A não-continuidade dos estudos significará menor qualificação, portanto, menos chances de competir num mercado cada vez mais exigente e com menos ofertas, além da submissão ao trabalho informal e mal remunerado. Levantamento realizado em 1990 por Bruschini (1996), sobre trabalho feminino na década de 1980, mostra que 48,5% das trabalhadoras brasileiras contribuíam para a Previdência Social. As restantes podiam ser encontradas em atividades de baixa remuneração, sem proteção da legislação trabalhista ou previdenciária, realizadas muitas vezes no próprio domicílio ou na rua e em jornadas parciais de trabalho. Mesmo no setor formal, quanto maior o rendimento, menor a participação das mulheres. Por exemplo, na faixa de rendimento até ½ salário mínimo havia, no mercado de trabalho, 4,5% de homens e 11,6 % de mulheres. Na faixa de 2 a 5 salários mínimos, 28,4% e 22,0%, respectivamente. E na de mais de 20 salários mínimos, 4,1% e 1,6%.

A situação torna-se ainda mais perversa ao examinarmos o padrão de fertilidade. Os dados apontam que é provável que ele seja estabelecido na adolescência, pois mulheres que começam a ter filhos mais cedo, geralmente, têm mais filhos. Levantamento Mundial de Fertilidade realizado no final da década de 1980 encontrou que, em 27 dos 29 países abrangidos, mulheres que se casavam com 22 anos ou mais tinham em média 0,5 filho a menos do que mulheres que se casavam aos 18 ou 19 anos (OMS 1994). Para quatro entre dez mães adolescentes, o segundo filho virá antes de o primeiro fazer três anos (SOF 1997). Estabelece-se o moto-contínuo e as jovens, especialmente as pobres, não conseguem rompê-lo acentuando sua condição de dependente e subordinada.

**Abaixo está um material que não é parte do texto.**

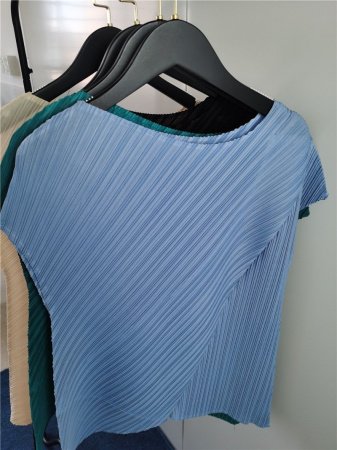 Женская футболка с укороченным рукавом и складками фотография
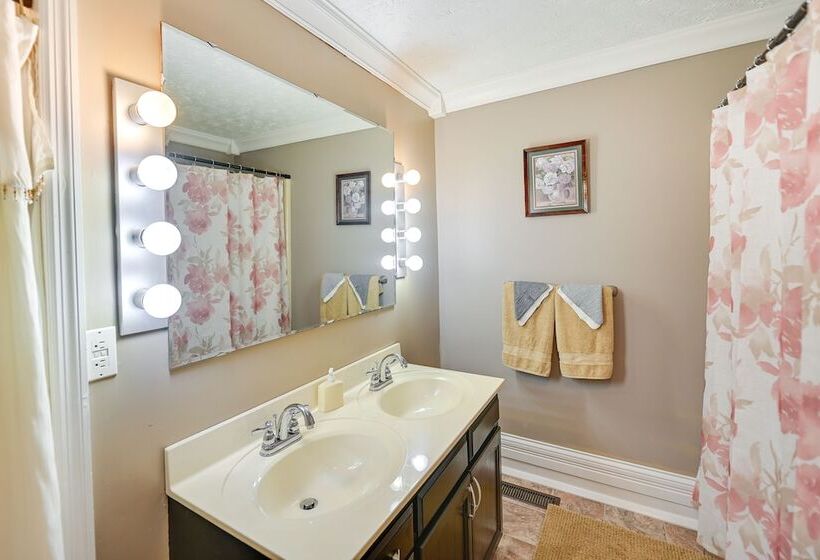 Charming Kentucky Farmhouse W/ Fire Pit & Grill!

Um outra faceta da relação entre escolaridade e gravidez na adolescência é a que aponta significativas influências do nível de escolaridade na ocorrência desse tipo de gravidez. Henriques e colaboradores (1989) apresentam evidências de que a menor escolaridade é uma característica geral das adolescentes que tiveram filho, independentemente de seu nível de renda ou sua residência (áreas urbanas ou rurais). Fertilidade, em geral, apresenta uma relação inversa com nível educacional das mulheres: mulheres sem educação formal têm, em média, o dobro do número de filhos do que aquelas com sete ou mais anos de escolaridade (OMS 1994). Boletim da SOF (1997) aponta que entre as meninas que ficam mais de cinco anos na escola, 5 em cada 100 engravidam antes de fazer 19 anos. Entre as meninas sem instrução, a proporção sobe para 17 em cada 100. Para as autoras, esses dados podem significar que a escola está ensinando algo sobre corpo, sexualidade e relações afetivas. Uma outra hipótese é que o fato de continuar os estudos aumente a auto-estima e proporcione à adolescente projetos de vida profissional mais amplos que o de ser apenas esposa e mãe.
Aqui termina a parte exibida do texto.